I hate hitting my hose with the mower and decided to get a hose reel. I might as well get a quality reel, so I picked up the Eley hose reel. Since the quality reel, I figured I might as well get quality hose. Since I'm getting quality hose, I might as well get larger diameter. Since hose size is bigger, I might as well upgrade the supply line to match it. Logic undeniably valid and sound. :lol:

My main water supply line is 1". I'm getting 1" (or 3/4") hose. The supply to my bib is 1/2" and a short ~7' run.

QUESTION: Since it's a short run, how much improvement would I get out of upgrading to 1" diameter?

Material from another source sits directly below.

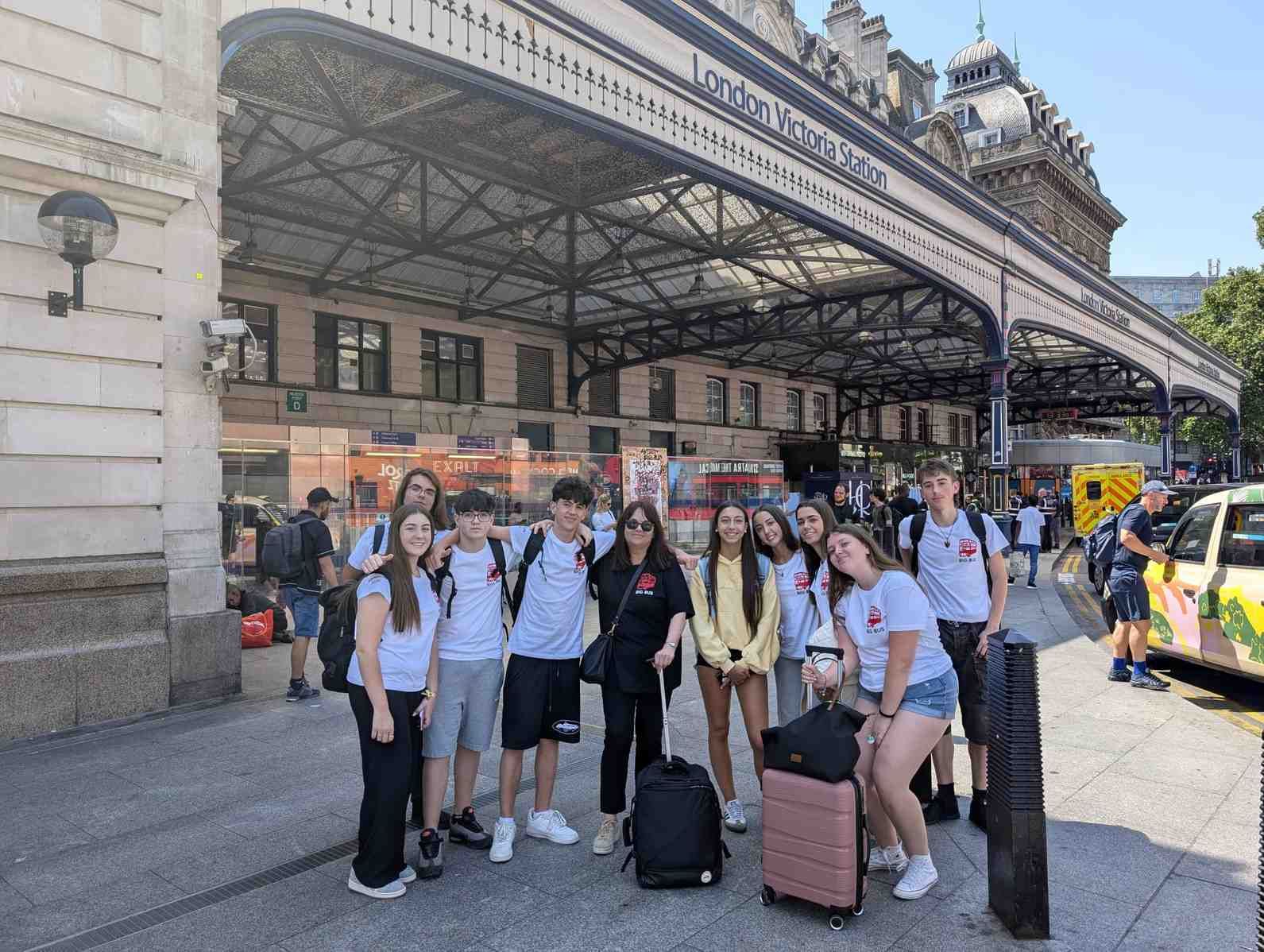 Grupo de viajeros con equipaje posando frente a una estación de tren bajo una gran marquesina.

This all stemmed from this thread which has been rattling in my head all winter: https://thelawnforum.com/viewtopic.php?f=4&t=14070&hilit=i+got+a+new+hose


----------



## Ware (Jan 28, 2017)

NoslracNevok said:


> QUESTION: Since it's a short run, how much improvement would I get out of upgrading to 1" diameter?


----------



## TSGarp007 (May 22, 2018)

I'd say that just depends on your flow rate...


----------



## NoslracNevok (Jun 12, 2018)

I'll be checking my PSI and flow rate when I get home.

It's also hard to find 1" bibb/spigots. (yet alone w 1/4 turn). Best I can find are out of my price zone wall hydrants:
https://www.menards.com/main/plumbing/valves/hose-bibbs-wall-faucets-wall-hydrants/c-19519.htm?queryType=allItems&Spec_NominalSize_facet=1+inch

and lame helicopter bibbs:
https://www.ferguson.com/category/valves/hose-bibbs/_/N-zbq542Zzbqj7i

Anyone have a good idea to find one?


----------



## Ware (Jan 28, 2017)

NoslracNevok said:


> QUESTION: Since it's a short run, how much improvement would I get out of upgrading to 1" diameter?


This doesn't directly answer your question, but here is a chart that will let you compare pressure loss per linear foot (psi/ft) for various copper tube sizes at different flow rates:








And here is a table that shows pressure losses per 100ft of pex at different flow rates:

​
You should be able to use these (or similar) charts/tables to estimate how much less pressure drop you would realize by up-sizing a certain length of pipe.

On the valve, I think you could probably get by just fine with something like this 3/4" full port hose bibb. As I recall, the Eley Hose Reel fittings and gooseneck are only designed at 3/4" full flow, so connecting it to a 3/4" full port hose bibb would have a minimal impact on your setup. Note it does not offer any frost protection, so you would definitely want to have a way to shut it off somewhere back inside your basement during the winter.


----------



## NoslracNevok (Jun 12, 2018)

I've 67 static psi, and 10 gpm. (Turned down the pressure regulator during my backyard Reno.)

Thanks John, I'm defiantly going forward with the supply line upgrade.

Yep, 3/4" is what Eley uses 


3/4" spigot it is, excited for the quarter turn ball valve.


----------